Matteo Renzi esce dal Partito Democratico e si accinge a formare nuovi gruppi parlamentari, del tutto fedeli alla sua linea e ai suoi voleri. Anche un Machiavelli bambino (come ho scritto) avrebbe compreso questo gioco. Ora il Governo Conte 2 e il Movimento 5 Stelle saranno sotto costante ricatto, in mano ai parlamentari del nuovo partito renziano e ai suoi interessi nella magistratura e nelle banche.
Il Movimento 5 Stelle merita questa fine, vista l’insipienza politica che ha dimostrato. Per quanto riguarda gli uccellini di Twitter e della Rete, sono stati (e sono) tutti a starnazzare intorno allo spaventapasseri Salvini mentre il padrone del campo faceva e fa il suo lavoro.
L’ingenuità, non l’immaginazione, al potere.

Modernità

La natura reazionaria e socialmente criminale del Partito Democratico è ormai confermata da una miriade di parole e azioni. Tra queste spiccano per la loro intelligenza le affermazioni della ministra Boschi a proposito della sua riforma costituzionale -nelle quali ha preso per fascisti anche i partigiani– e quelle della ministra Giannini sulla bellezza e modernità insita nell’essere precari.

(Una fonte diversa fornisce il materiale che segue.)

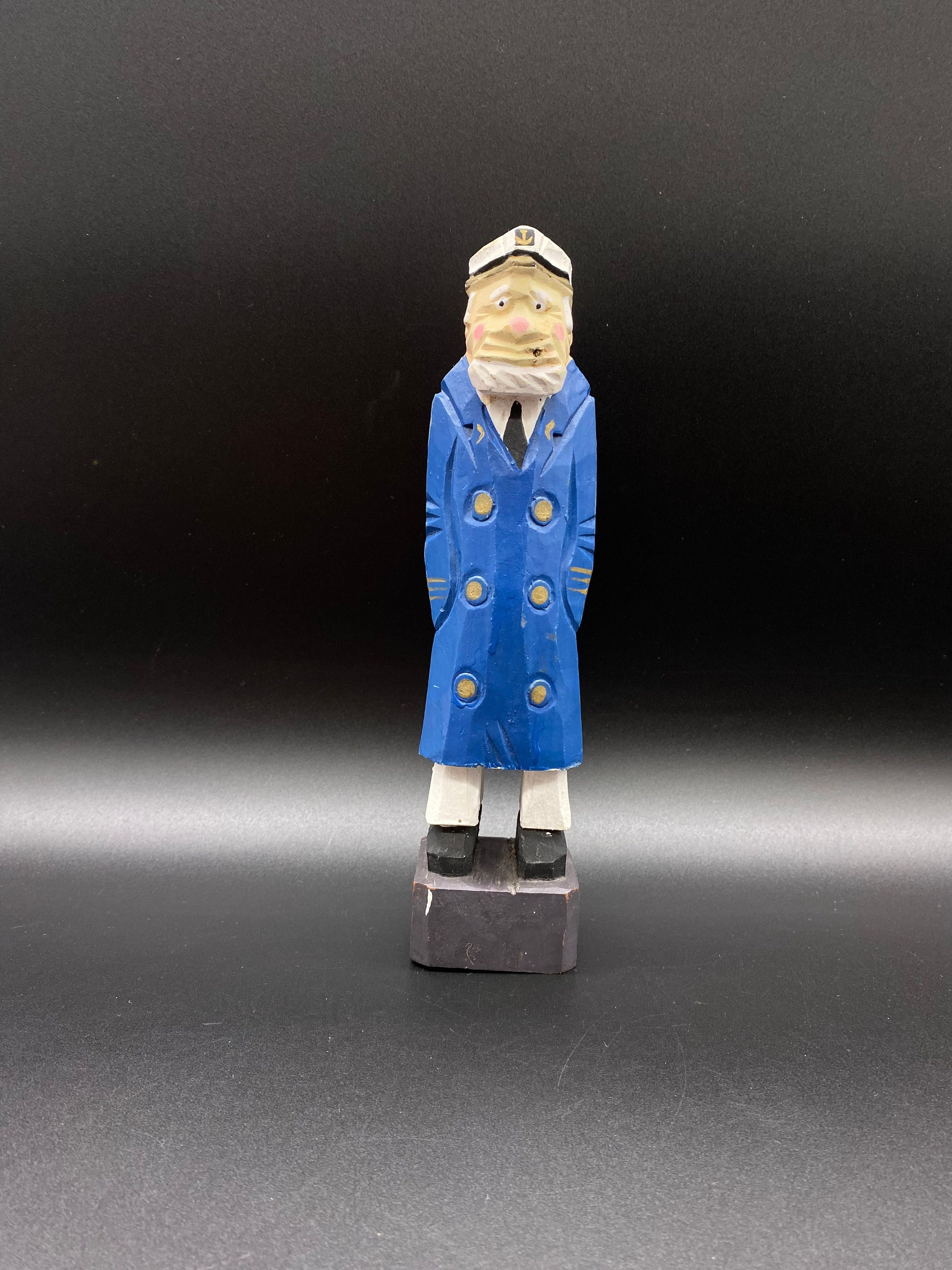 Vintage Fisherman Wood Carving Figures, Nautical Wooden Carvings, Sea Captain Figure, Hand Carved Wooden Sailor Figurine, Collector Figures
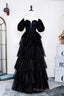 Saprkly Black Off-Shoulder Puff Sleeves Layers Long Formal Prom Dresses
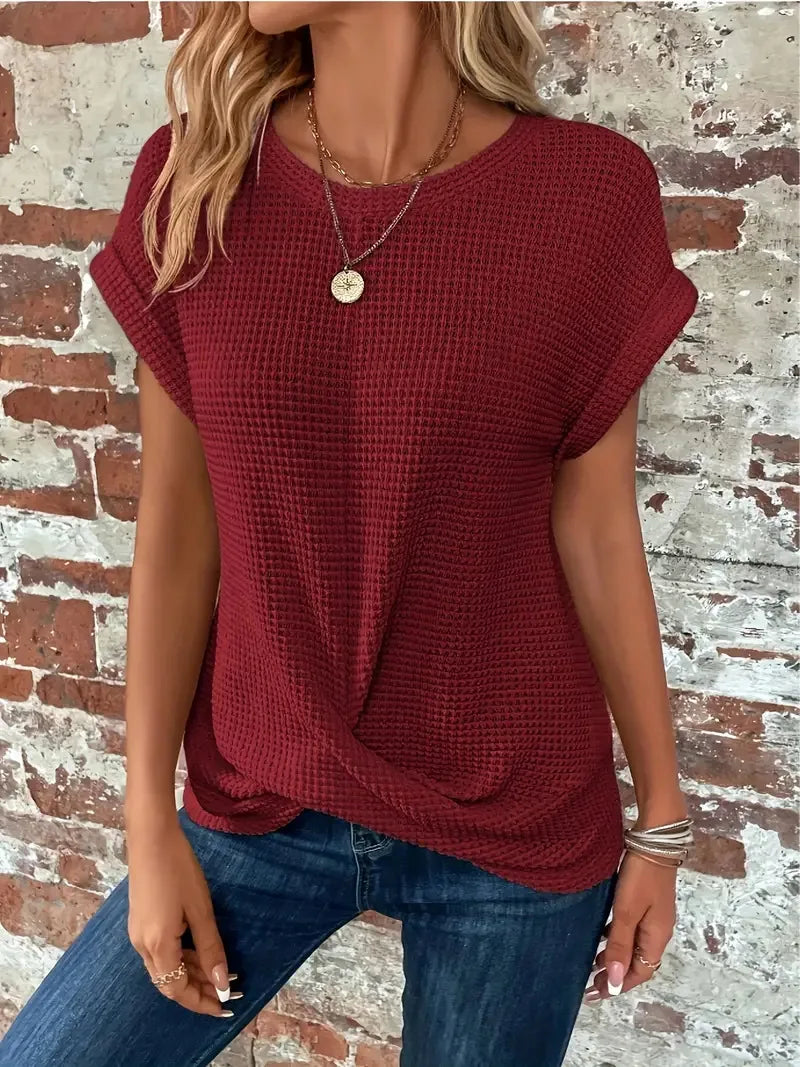 Waffle Knit Twist Top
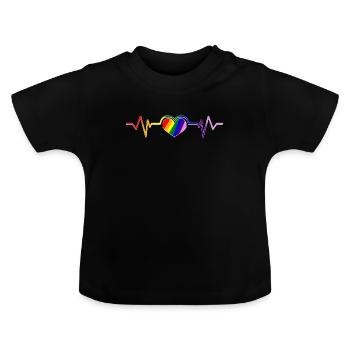 LGBTQ Heartbeat Gay Lesbian Homo Gift - Baby Organic T-Shirt with Round Neck - black - Front
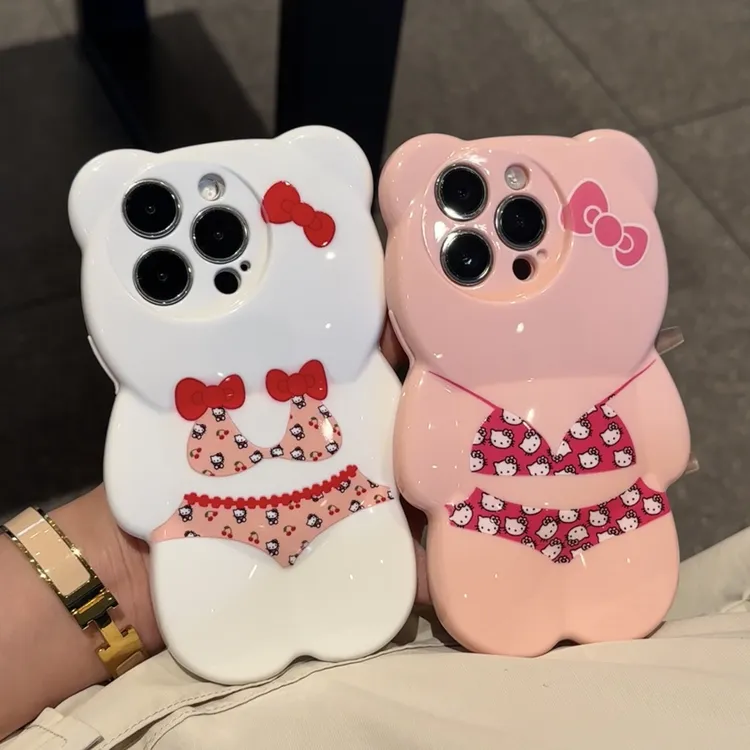 奥菲顿辣妹泳衣KT猫小熊壳适用iPhone16/15promax手机壳苹果14/13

«Dobbiamo abituarci all’idea di un mondo impostato su un modello economico di stampo americano, dove il precariato è la norma. Dobbiamo abituarci a vite con meno certezze immediate, fatte da persone che si spostano continuamente e dobbiamo incentivare i loro movimenti». Un concetto, questo, che la Ministra riprende da Filippo Taddei, responsabile economico del Pd, che intervistato dall’Espresso ha spiegato come il modello sociale a cui si debba tendere sia quello statunitense, nel quale «bisognerebbe tassare tutto ciò che è immobile e detassare tutto ciò che è dinamico». (Fonte: Huffington Post, 4.5.2016)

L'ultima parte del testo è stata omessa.